Veilig, selectief en korte levensduur
Belplant, de federatie van de gewasbeschermingsmiddelenindustrie, spreekt dat tegen. “Gewasbeschermingsmiddelen behoren tot de meest onderzochte stoffen en producten op de markt. Zij worden uitgebreid getest en streng geëvalueerd door experts binnen Europese en nationale beoordelingsinstanties op effecten voor mens, dier en milieu.”
“Drie eigenschappen worden voor ogen gehouden bij het ontwerpen van de middelen”, legt Sigrid Maebe van Belplant uit. Het gaat om veilig zijn, dus niet schadelijk voor mensen die ermee in contact komen gedurende het hele teeltproces of het consumeren van voedsel. Ten tweede moeten ze selectief zijn, dus alleen doeltreffend tegen de ziekten, insecten en onkruiden waartegen ze gericht zijn. En tot slot moeten ze een korte levensduur hebben, wat betekent zij gemakkelijk afgebroken worden in onschadelijke bestanddelen zonder schadelijke gevolgen voor het milieu, nadat zij het gewenste effect hebben teweeggebracht.
Voortschrijdend wetenschappelijk inzicht
“Bovendien is onze sector voortdurend op zoek naar nieuwe innovatieve producten en technieken om plagen, ziekten en onkruid op een betere en duurzame manier te bestrijden. Het is wel zo dat deze innovatie traag gaat omdat de eisen zeer hoog liggen. Het toelatingsproces van gewasbeschermingsmiddelen is een zeer streng, langdurig proces en toelating moet op regelmatige basis opnieuw aangevraagd waarbij de producten worden beoordeeld op voortschrijdend wetenschappelijk inzicht”, klinkt het. Volgens Belplant helpen ook precisielandbouw, monitoring en nieuwe veredelingstechnieken om gewasbescherming steeds efficiënter en duurzamer te maken.
Gevaar versus risico
Stoffen kunnen ook aangeduid worden als ‘candidates for substitution’. “Dat zijn stoffen die door een veiliger alternatief moeten vervangen worden. “Ze zijn dus nog wel toegelaten en dus voldoen ze aan alle eisen om op de markt in Europa te worden geplaatst”, vertelt Maebe. “De intrinsieke eigenschappen (“gevaarlijk”) maken dat ze op de lijst van substitutie staan. Maar deze producten hebben een grondige evaluatie ondergaan en de overheid heeft besloten dat er geen onaanvaardbaar risico is voor mens en milieu.” Maebe duidt het verschil tussen “gevaar” en “risico”. “Vergelijk het met een leeuw. Dat is een gevaarlijk dier, maar als hij in een kooi zit, is het risico op problemen zeer beperkt.”

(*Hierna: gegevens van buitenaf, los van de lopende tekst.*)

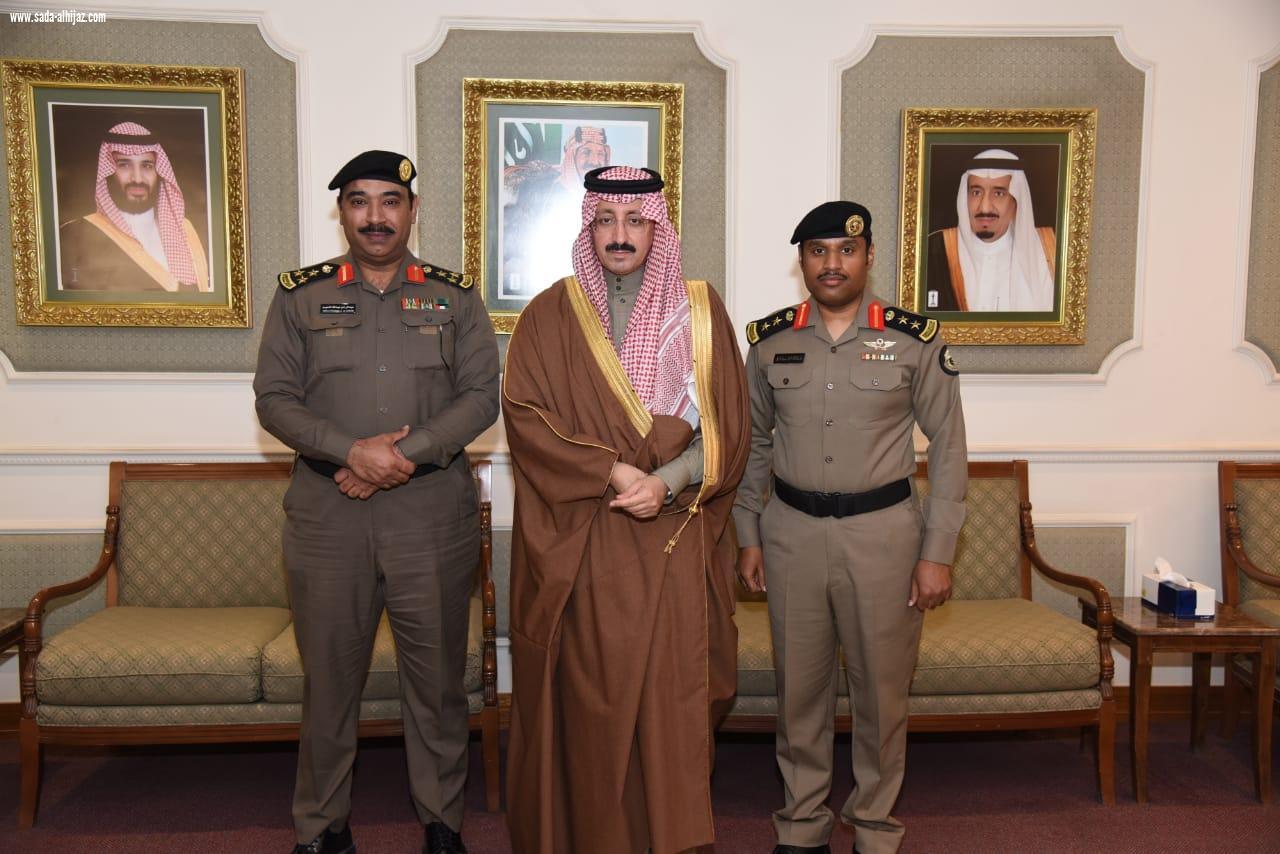 محافظ الإحساء يقلد صلاح بوجليع رتبته الجديدة عقيدا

Wanneer een volwaardig alternatief gevonden is voor deze stoffen, kunnen ze vervangen worden door een andere stof. Belplant geeft het voorbeeld van koper. “Dat wordt gebruikt in de biologische landbouw en is nu geklasseerd als ‘candidate for substition’ (cfs), maar er bestaat nog geen alternatief dat niet aan de cfs-criteria voldoet. Er is dus nog geen vervanger gevonden. De problemen bestaan dus zowel in conventionele als biologische landbouw”, klinkt het.

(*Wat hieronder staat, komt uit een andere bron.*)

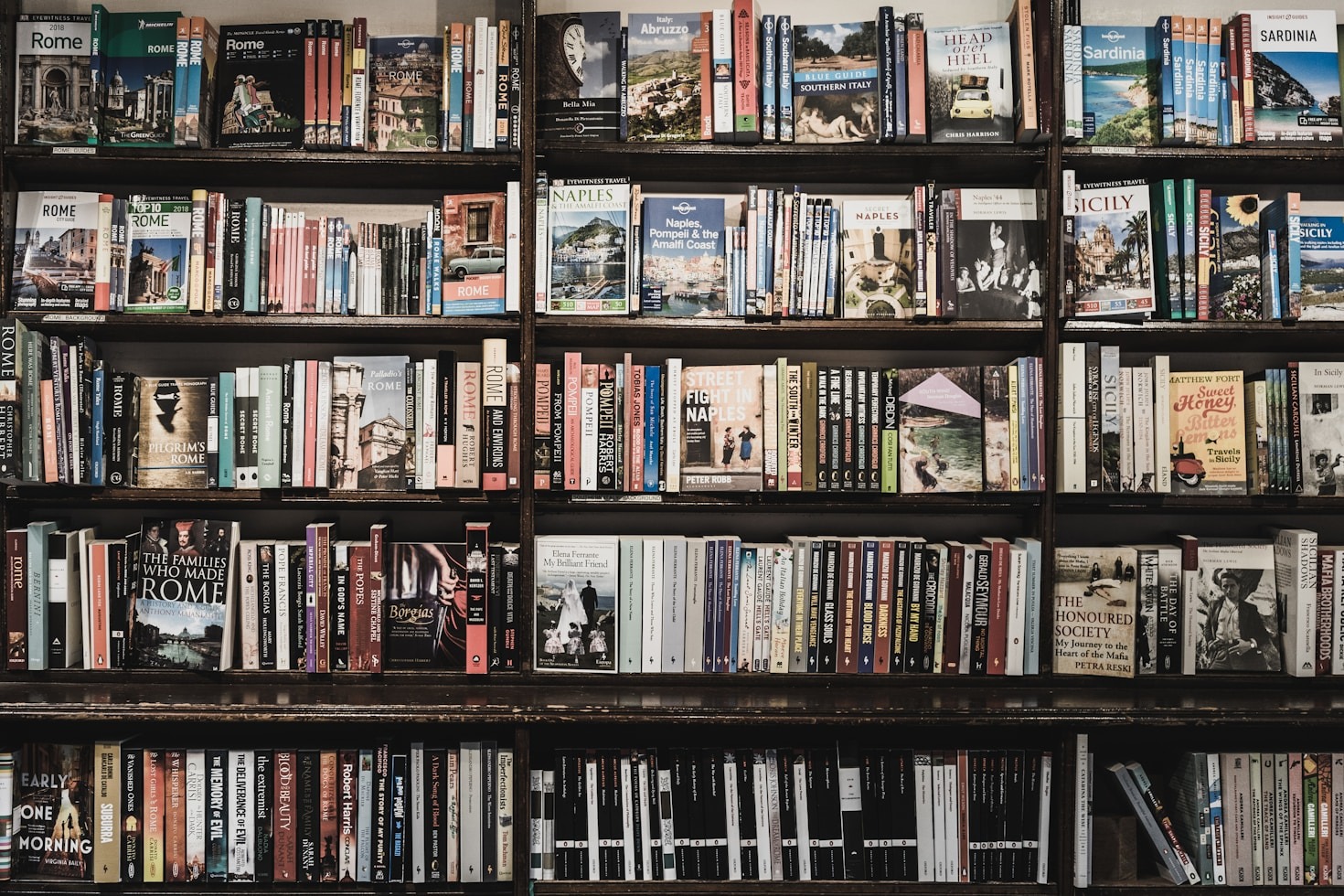 Crafting the Essence of Iconic Stories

Belplant benadrukt dat de gewasbeschermingsindustrie in België een zeer streng gereglementeerde en gecontroleerde sector. “De voedselkwaliteit binnen Europa kan dankzij de vakbekwaamheid van duizenden landbouwers, en het toezicht van diverse Europese en Belgische instanties, tot de beste en meest veilige van de wereld beschouwd worden”, besluit de organisatie.